The same model can be executed with an accumulating conveyor by changing the conveyor type property of the conveyor. The results are presented here.
Accumulating Working Off the Conveyor: Statistical Summary Report
Name | Count | Average | Half-Width |
---|---|---|---|
Conveyor:Enter:AccessQ:NumInQ | 30 | 0.001 | 0 |
Conveyor:Enter:AccessQ:TimeInQ | 30 | 0.001 | 0 |
Conveyor:Station1:AccessQ:NumInQ | 30 | 0.001 | 0 |
Conveyor:Station1:AccessQ:TimeInQ | 30 | 0.001 | 0 |
Conveyor:Station2:AccessQ:NumInQ | 30 | 0.001 | 0 |
Conveyor:Station2:AccessQ:TimeInQ | 30 | 0.001 | 0 |
Conveyor:Enter->Station1:NumOccupiedCells | 30 | 2.331 | 0.006 |
Conveyor:Enter->Station1:CellUtilization | 30 | 0.033 | 0 |
Conveyor:Station1->Station2:NumOccupiedCells | 30 | 1.332 | 0.004 |
Conveyor:Station1->Station2:CellUtilization | 30 | 0.033 | 0 |
Conveyor:Station2->Exit:NumOccupiedCells | 30 | 1.997 | 0.005 |
Conveyor:Station2->Exit:CellUtilization | 30 | 0.033 | 0 |
Conveyor:NumOccupiedCells | 30 | 5.659 | 0.015 |
Conveyor:CellUtilization | 30 | 0.033 | 0 |
worker1:InstantaneousUtil | 30 | 0.698 | 0.002 |
worker1:NumBusyUnits | 30 | 0.698 | 0.002 |
worker1:ScheduledUtil | 30 | 0.698 | 0.002 |
worker1:Q:NumInQ | 30 | 1.596 | 0.037 |
worker1:Q:TimeInQ | 30 | 1.598 | 0.035 |
worker1:WIP | 30 | 2.294 | 0.039 |
worker2:InstantaneousUtil | 30 | 0.901 | 0.004 |
worker2:NumBusyUnits | 30 | 0.901 | 0.004 |
worker2:ScheduledUtil | 30 | 0.901 | 0.004 |
worker2:Q:NumInQ | 30 | 7.789 | 0.454 |
worker2:Q:TimeInQ | 30 | 7.793 | 0.44 |
worker2:WIP | 30 | 8.691 | 0.457 |
TandemQueueWithConveyor:NumInSystem | 30 | 16.7 | 0.474 |
TandemQueueWithConveyor:TimeInSystem | 30 | 16.714 | 0.444 |
worker1:SeizeCount | 30 | 14982.2 | 40.432 |
worker2:SeizeCount | 30 | 14978.6 | 40.033 |
The results for the accumulating conveyor case are a little better than for the non-accumulating conveyor.
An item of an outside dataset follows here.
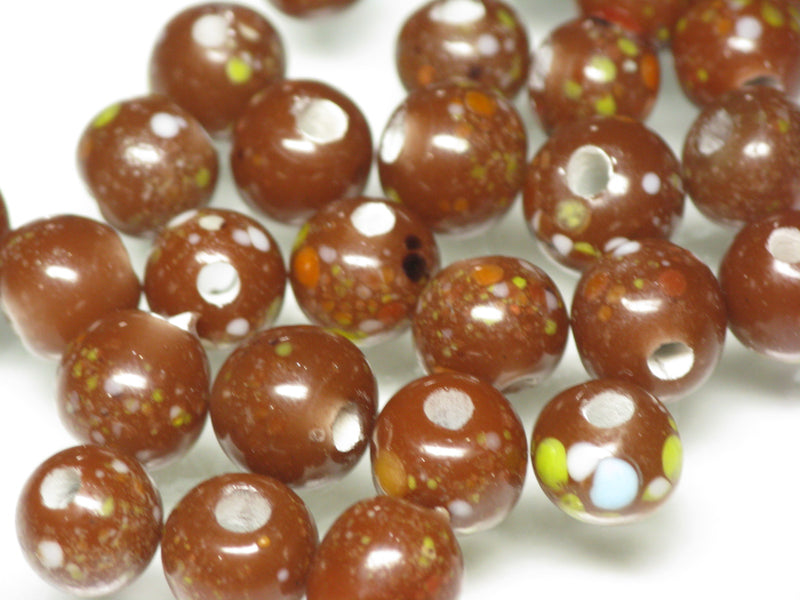 TOKO-BEADS AG121-02S Spray dot glass bead 7.5~8.5mm AG121-02S スプレイ・ドット柄小粒とんぼ玉 7.5~8.5mm Asian bead & African bead  Handmade,Lampeork,bead,asia,india,ethnic,parts,accessory,beads とんぼ玉,ビーズ,トンボ玉,アジア,インド,エスニック,手作り,パーツ,アクセサリー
This is due to the fact that the conveyor continues to be engaged when allowing parts to enter and exit. The total time in the system is not statistically different from the deterministic delay case.
8.4.2.3 Tandem Queue System with Conveyors Work Performed On the Conveyor
In many systems, the work associated with a station can often be performed while the part is on the conveyor. As we will see, more care is needed in synchronizing the movement on the conveyor with the work content. This section illustrates how to change the process when the work is performed on the conveyor. Figure 8.14 illustrates that the worker is working on the part while it is on the last cells of the segments (cell 70 of segment 1 and cell 40 of segment 2).
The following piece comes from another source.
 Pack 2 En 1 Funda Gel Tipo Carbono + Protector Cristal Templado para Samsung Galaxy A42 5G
Figure 8.14: Tandem Queue with Conveyors
To model this situation, we simply do not exit the conveyor at each station. The configuration of the conveyor remains the same. Notice that in the following code, we request the conveyor and ride it between the stations. Finally, we only exit the conveyor at the storage location (exit).
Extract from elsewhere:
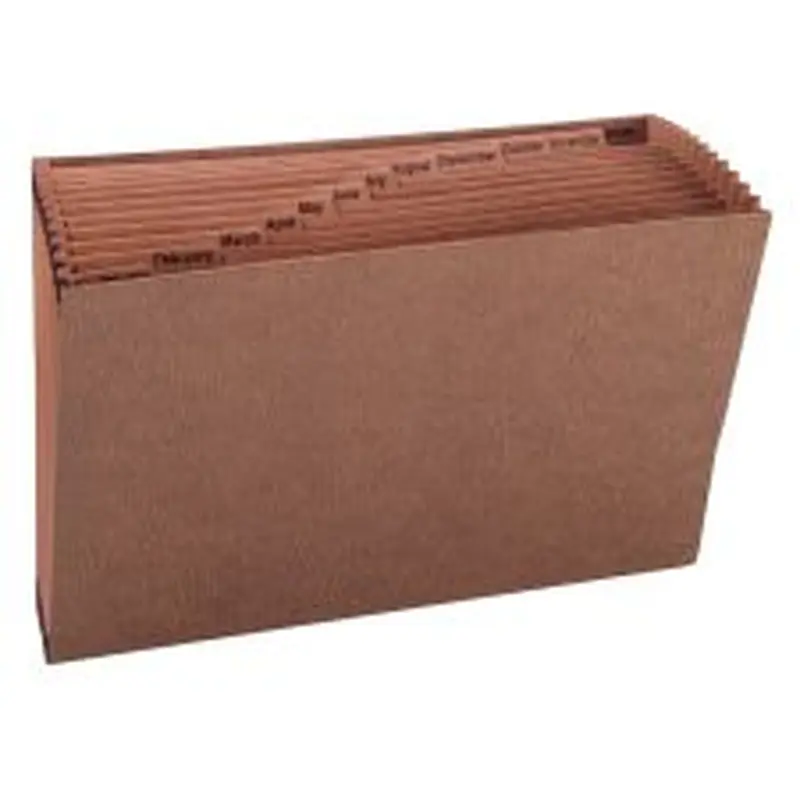 Smead TUFF Expanding File With Open Top, 12 Pockets, Monthly, 15" x 10", Legal Size, 30% Recycled, Brown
private inner class Part : Entity() {
val tandemQProcess: KSLProcess = process(isDefaultProcess = true) {
wip.increment()
timeStamp = time
val conveyorRequest = requestConveyor(conveyor = conveyor, entryLocation = enter, numCellsNeeded = 1)
rideConveyor(conveyorRequest = conveyorRequest, destination = station1)
use(resource = worker1, delayDuration = st1)
rideConveyor(conveyorRequest = conveyorRequest, destination = station2)
use(resource = worker2, delayDuration = st2)
rideConveyor(conveyorRequest = conveyorRequest, destination = exit)
exitConveyor(conveyorRequest = conveyorRequest)
timeInSystem.value = time - timeStamp
wip.decrement()
}
}
Also, notice that we cannot use the convey()
function because it assumes that the exit()
function is used for each conveyance. The rideConveyor()
function causes the conveyor to block until it is called again or until the exit()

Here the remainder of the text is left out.